- To nie pierwszy raz, kiedy policjanci w sposób bardzo agresywny zaatakowali pokojowych demonstrantów - pisze warszawski korespondent Sueddeutsche Zeitung Florian Hassel w pełnym sztucznej tragedii i histerii tekście, mającym być rzekomą relacją wydarzeń, jakie miały w Polsce podczas ostatnich protestów Strajku Kobiet.
Hassel odwołuje się przy tym do wcześniejszych protestów, podczas których lewackie bojówki atakowały kościoły, księży, wiernych i zakłócały Msze Święte.

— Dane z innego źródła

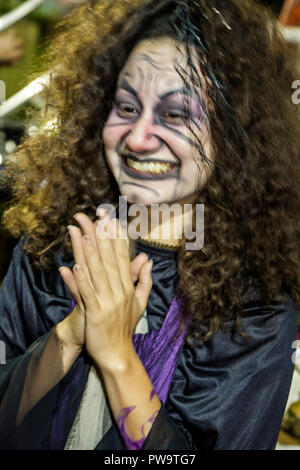 Miami Beach Florida,Flamingo Park,Arts in the Park,Shakespeare,Macbeth,actor,acting,role,play,theater,theatrical,makeup,drama,tragedy,witch,character, Stock Photo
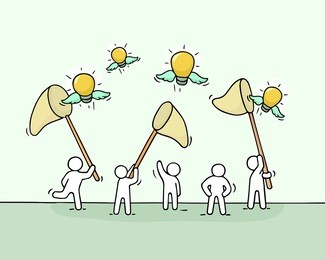 sketch of working little people with flying lamp ideas. doodle cute miniature scene of workers trying to catch light bulb. hand drawn cartoon vector illustration for business design.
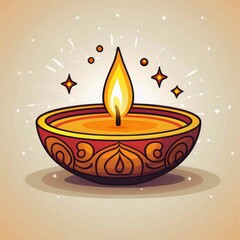 Diwali diya Cartoon vector Illustration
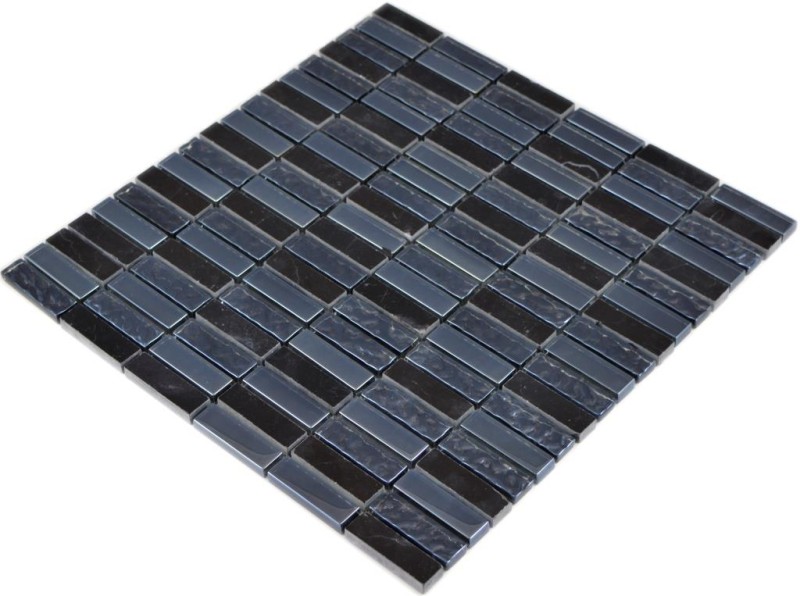 Rectangular mosaic tiles glass mosaic gray black blue-black marble natural stone kitchen wall bathroom WC - MOS87-0302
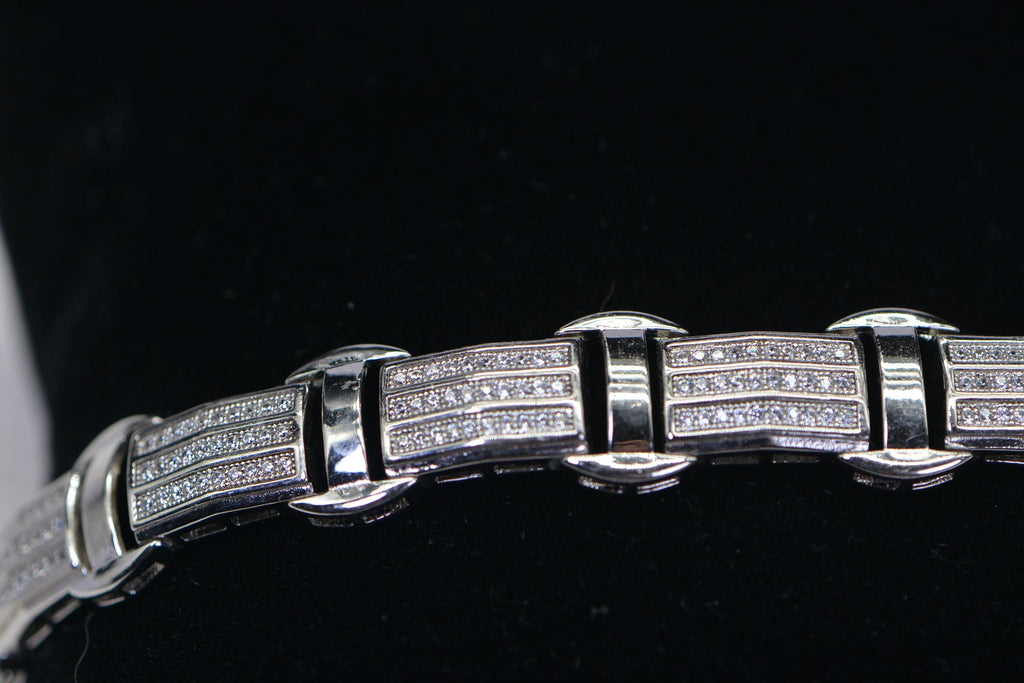 Simulated Diamond 14K White Gold Over Sterling Silver Rectangle Link Heavy Man Bracelet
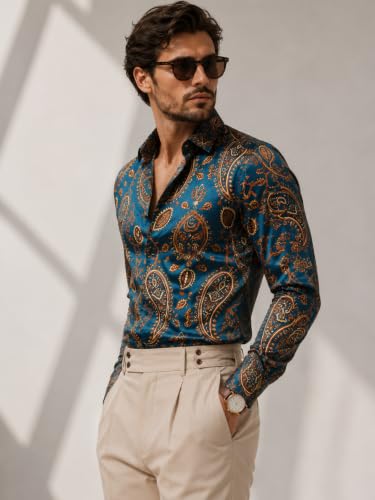 Image of Foomer Green Paisley Printed Opaque Party Shirts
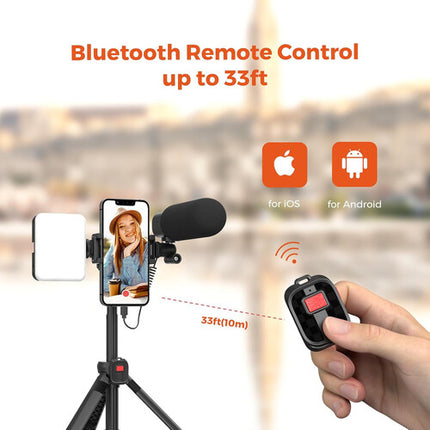 NearStream VK30 Kit de Video para Smartphone con Micrófono Shotgun Luz LED y Trípode Ajustable
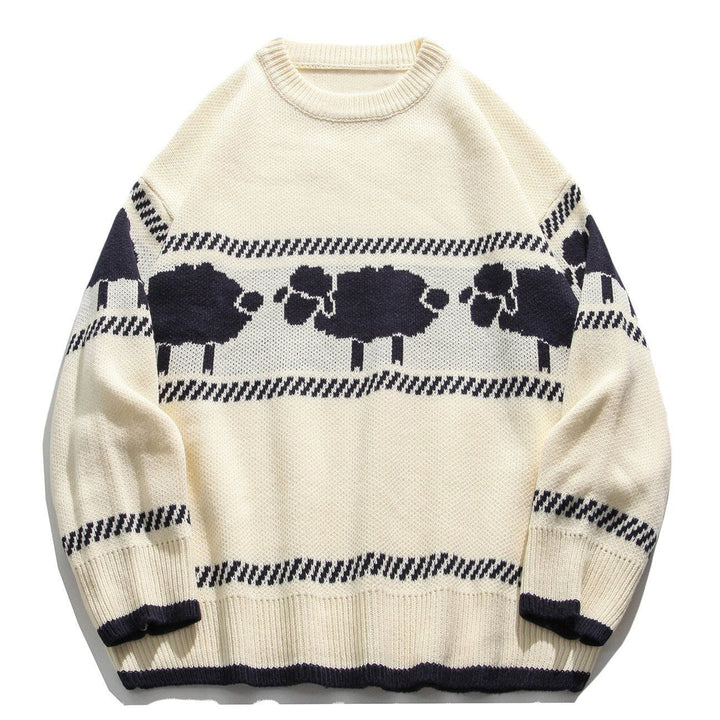TALISHKO - Lamb Jacquard Oversized Sweater - streetwear fashion, outfit ideas - talishko.com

Niemieckie media znane są z funkcyjnego podejścia do spraw Polski oraz polskiej suwerenności. U nas w kraju idealnie współgrają z nimi media typu „Gazeta Wyborcza” czy TVN.
- Coraz częściej policja jest wykorzystywana przeciwko pokojowo demonstrującym krytykom rządu. Krytycy mówią o sytuacji podobnej do tej z czasów stanu wojennego z lat 80. - uważa Hassel.
Jak pisze też dalej niemiecki autor, działania polskiej policji "przypominają starszym ludziom tłumienie protestów studenckich w marcu 1968 roku”.
Oczywiście taka sytuacja jest dla niemieckich mediów i tamtejszych dziennikarzy niedopuszczalna tylko w Polsce. Kiedy natomiast działania policji o wiele brutalniejsze mają miejsce w Niemczech, to wszystko „jest w najlepszym porządku”.